Robert Altman, known mostly for his years photographing musicians and counter-culture icons in the late 1960s and early 70s has passed. He was a staff photographer for Rolling Stone for a bit. I read his obit recently and and was saddened to hear of his passing.
In the late 1990s I took a class that was taught by Robert Altman at San Francisco State College of Extended Learning on Market Street in downtown San Francisco. It was a basic HTML class for this new thing called the World Wide Web and in order to get on board the first thing you had to know was HTML. People made websites mostly one page at a time. Robert Altman was the teacher, and probably the only reason he knew anything about this stuff was that he had built a website to sell prints of his photographs. This was the early days of the internet, when for a brief time the idealism of the 1960s took hold in this new digital era. Perhaps the playing field would level out and artists, writers, photographers and musicians could sell their work directly, cut out the middle-men, control their work and get paid their fair share.

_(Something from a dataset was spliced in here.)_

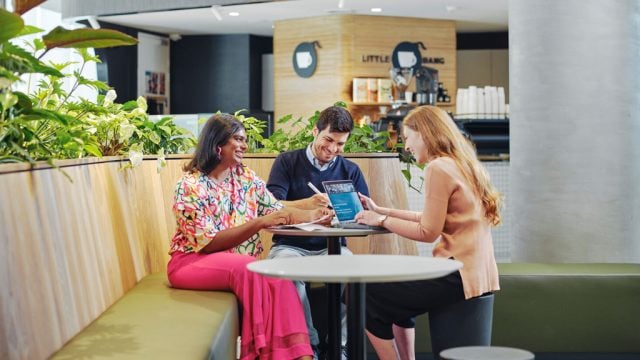 Students sitting and chatting together at table at Burwood Campus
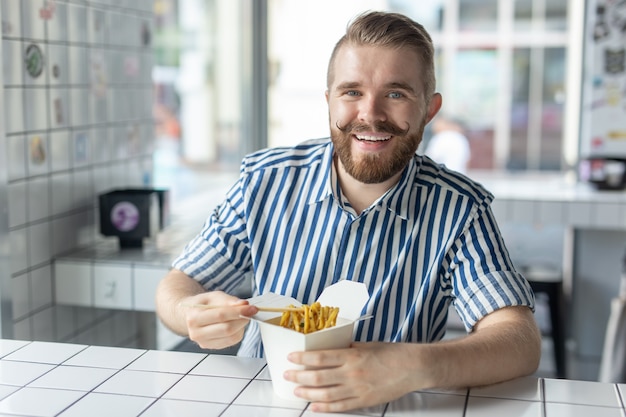 Positif jeune homme élégant, manger des nouilles chinoises dans un café pendant une pause au travail. Le concept de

Of course, in many ways this was one big pipe dream as over time the internet became more corporate and the monopolies of our day began to dominate the system, control the politics and narratives and literally write all the rule books. And as Ruth Bader Ginsburg commented about sexism “I ask no favor for my sex; all I ask of our brethren is that they take their feet off our necks,” the same can be said of the stranglehold on smaller players by the big tech monopiles today.
Back when I was taking this HTML class with Robert Altman he was in his mid-fifties and always had his reading glasses at the ready, perched on the top of his head. He was passionate and generous. He dove right into the more advanced aspects of HTML at the time. We started learning tables, rowspans and colspans on day one. This is back in the day when all websites were made with tables and single pixel gifs to lock designs into place. If someone would have spoke of responsive design then you would have gotten a blank stare. People still made phone calls with payphones and your answering machine was perhaps the most important tool for any freelancer. Robert was this middle-age guy – vibrant, fearless, creative and giving. He was like – “look, if I can learn this coding stuff, anyone can do it!” So we all looked on at this new markup language, most everyone there because it was the unavoidable future and eventually it would lead to a decent job and some sort of economic stability.
Now when people are choosing a career in programming, there is this idea that if you do not start young it is not worth the effort. The notion of the child genius creating something miraculous in the digital world is a common theme. The college dropout who creates an app that disrupts entire industries. If you are in your late twenties, it is too late. However this is silly.
Robert Altman, putting borders on all his tables, creating something beautiful out of nothing is evidence that anything is possible.